Quelques jours plus tard, des illustrateurices bolivien·nes rejoignent l’équipe et conçoivent un roman graphique. Un projet porté par une direction artistique claire : présenter les shoeshiners comme les protagonistes d’un récit d’aventures. « Nous avons ensuite organisé un atelier pour lister les parallèles entre les travailleur·ses et les super- héros : porter un déguisement (le masque de ski) pour cacher leur identité, mener une double vie et dissimuler leur emploi à leurs proches, être persécuté·es par les “ennemis” (la police), utiliser des outils spéciaux (les brosses, les tissus, les cirages), avoir une cachette (les associations où ils stockent leurs vêtements et leurs accessoires) et enfin, être au service des autres », énumère Federico Estol. Un concept dont l’originalité séduit à l’unanimité : en trois mois, 6 000 copies sont vendues à La Paz, tandis qu’une maison d’édition uruguayenne, El Ministerio Ediciones, distribue 1 000 exemplaires dans des festivals et autres événements photo. Un succès important pour la communauté, qui souffre de préjugés. « Les lustrabotas ont mauvaise réputation. On les considère comme des alcooliques, des addicts, des voleur·ses… Beaucoup sont ostracisé·es. C’est d’ailleurs pour cette raison qu’ils couvrent leur visage, préférant l’anonymat à la mise à l’écart. En vérité, 90 % d’entre eux sont des personnes normales, âgées de 6 à 80 ans, cherchant simplement un moyen de gagner de l’argent pour leur famille », confie le photographe.
Plus qu’une simple BD insolite dressant le portrait d’un groupe de personnes dont on ne connaît presque rien, Héroes del Brillo s’impose comme un manifeste singulier, un appel à l’engagement et à l’action par le pouvoir de l’imagination. « La tradition documentaire n’a plus le même impact qu’avant, parce que le public a évolué. Aujourd’hui, il regarde Netflix et ne fait plus confiance aux informations. Il est plus habitué aux fictions qu’à la réalité. Je pense donc qu’avoir recours au fantastique pour aborder de réels problèmes est un acte censé dans ce monde polarisé », affirme Federico Estol. En représentant ces travailleur·ses comme les bienfaiteur·ices d’une ville, la traversant à la recherche de client·es à « sauver », l’artiste inverse les rôles et propose aux spectateur·ices de poser un nouveau regard sur celles et ceux que l’on préfère ignorer. Une action louable qu’il poursuit en partageant le fruit de cette collaboration avec ses contacts du milieu de l’art. « Je pense que nous nous devons de générer une aide directe, d’offrir quelque chose de concret, pas une simple publication. Parce qu’au final, les lecteurices de magazines restent confortablement assis·es dans leur canapé et ne vont pas entamer d’actions pour aider ces gens – ils vont juste consommer leur histoire », rappelle-t-il.

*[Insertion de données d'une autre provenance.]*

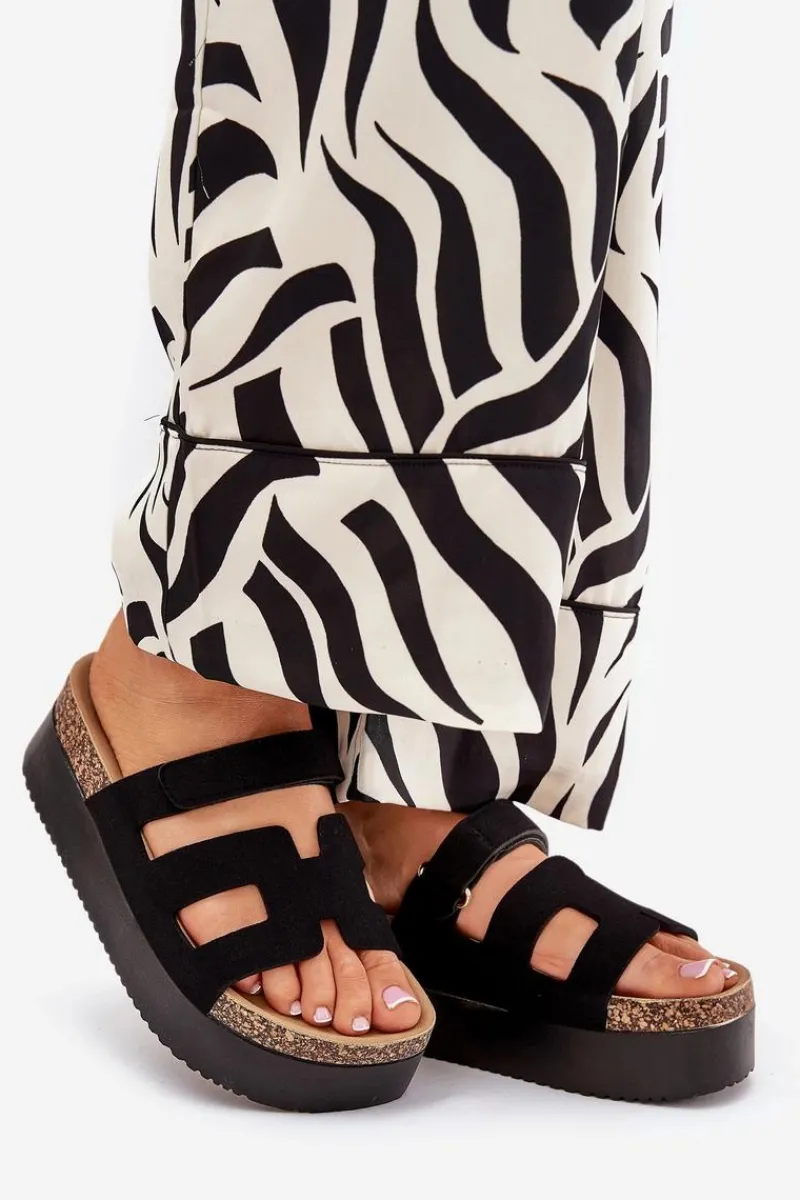 Klapki Korkowe|Klapki Na Platformie>Boto Klapki Na Masywnej Platformie Czarne Daldiva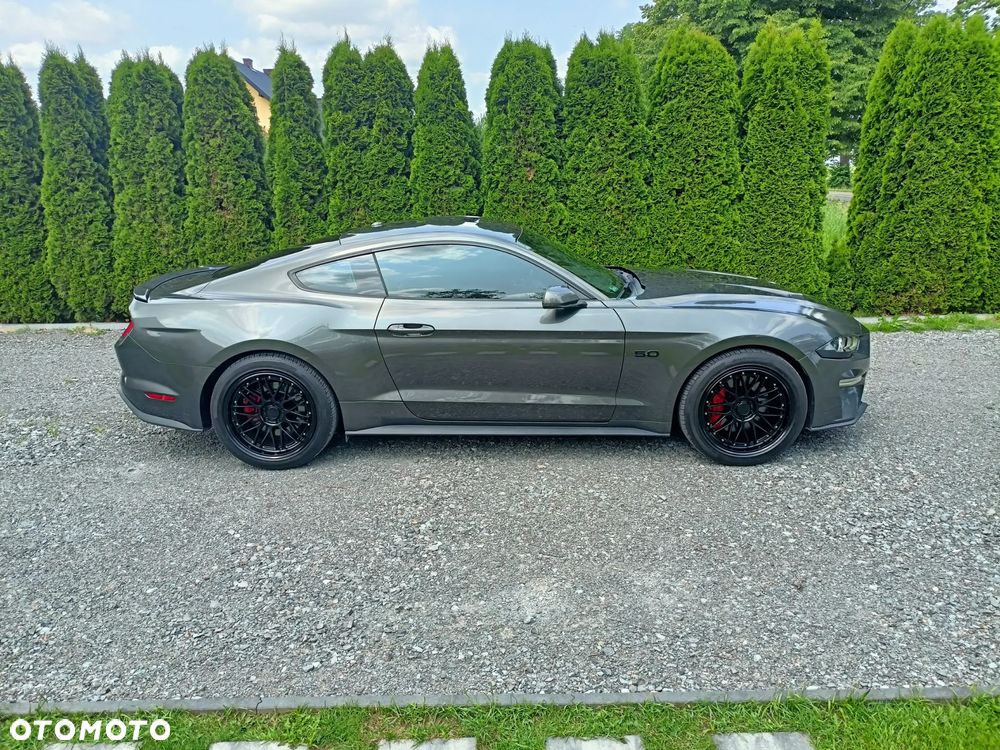 Ford Mustang - 6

Depuis sa publication, l’édition spéciale du journal a remporté plusieurs prix. Elle a été publiée et exposée dans le monde entier, et a rapporté 10 000 dollars à l’association et aux lustrabotas. Une véritable performance offrant aux cireur·ses de chaussures une aide financière et une reconnaissance inespérées. « Au total, 12 000 livres, 8 000 calendriers et 500 cartes postales ont été imprimés, révélant au passage une nouvelle photographie sociale désireuse de fournir une aide concrète aux groupes vulnérables d’Amérique latine », conclut le photographe.